В хате мы уселись вокруг стола, и я стал чертить схему связи на листе бумаги, при этом поясняя:
— В полевом проводе очень много сростков. Если провод был в эксплуатации, сростки плохо изолируются, замыкаются с землей, когда ток идет по линии. А в нашей линии на шестах утечка тока будет меньше, да и линию эту в любое время можно бросить. Отключил аппарат — и делу конец.
— Это дело следует опробовать, — рассудительно сказал Сорокоумов, — терять мы не теряем, а приобрести можем многое. В соседних дивизиях так давно делают.
На том и решили: опробовать.
С утра принялись за работу. Рязанов подвозил шесты, Сорокоумов долбил ямки для них, а Миронычев, Пылаев и я натягивали колючую проволоку. Когда-то в этом месте проходила оборона немцев и колючая проволока валялась, скрученная в большие круги.
Мы строили линию ко второму батальону, навстречу нам дул северный ветер, обжигал лицо колким снегом.
— Дьявольская крупа, — ворчал Пылаев, то и дело вытирая глаза.
— Коля, без выражений, — поправлял Миронычев, раскручивая проволоку, — что до меня, так мне колючка весьма приятна, она кусается, царапается и отравляет всю радость новаторского труда. А вот когда по линии не будет слышимости, я, ей-богу, лишусь чувств.
— Остряк-самоучка, дурак-самородок! — огрызнулся Пылаев.
— Коля, вы забываете, что здесь поле деятельности, а не подмостки самодеятельного театра.
Да, здесь было поле, голое поле, с голыми кустами по обеим сторонам дороги и с далекими крышами хат на горизонте.
— Подмораживает, — Сорокоумов с силой вырвал лом из земли.

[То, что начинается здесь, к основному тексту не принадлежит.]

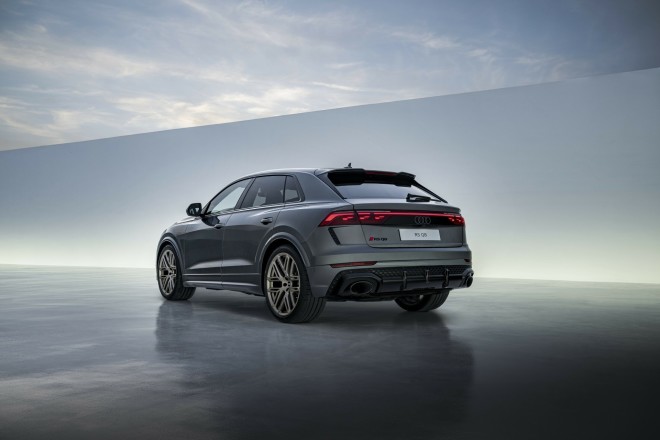 Audi RS Q8 SUV: Οι τιμές στην Ελλάδα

Я смотрел в поле и соображал.
«Если подморозит и выпадет снег, это будет хороший изолятор… тогда можно оголенный провод класть прямо на снег. Долой шесты, долой лишний труд!»

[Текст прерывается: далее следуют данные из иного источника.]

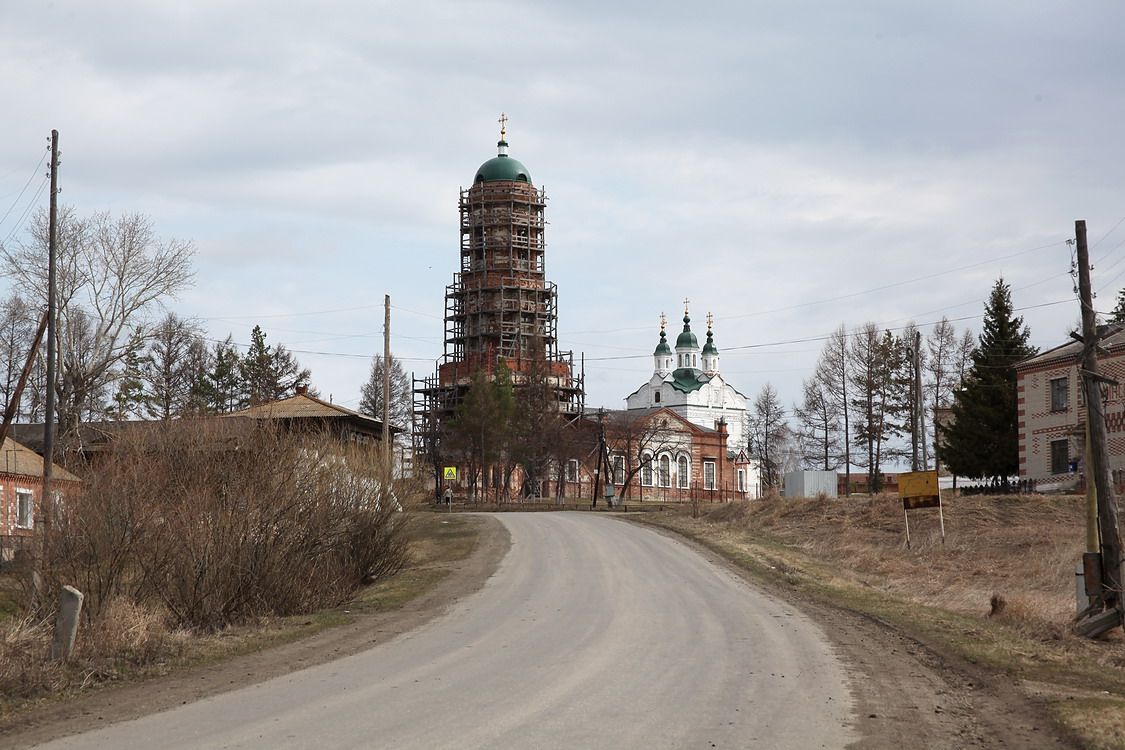 Церковь Рождества Иоанна Предтечи, Широковское (Далматовский район, Курганская область). фасады, Вид со въезда в село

Ничего не объясняя начальнику связи полка капитану Китову о своей работе, я просто сообщил ему, что веду солдат в поле в учебных целях наводить новую линию. Когда линия была готова, я включил в нее батальонный телефон и вызвал полковой коммутатор. Коммутатор ответил. Слышимость была чудесной.
— Товарищ седьмой, — вызвал я Китова, — докладываю по новой линии.
— Сколько распустили кабеля?
— Ни сантиметра.
— Что за шутки?
— Мы дали линию из колючей проволоки.
— А где достали изоляторы?
— Навели без изоляторов, прямо по шестам.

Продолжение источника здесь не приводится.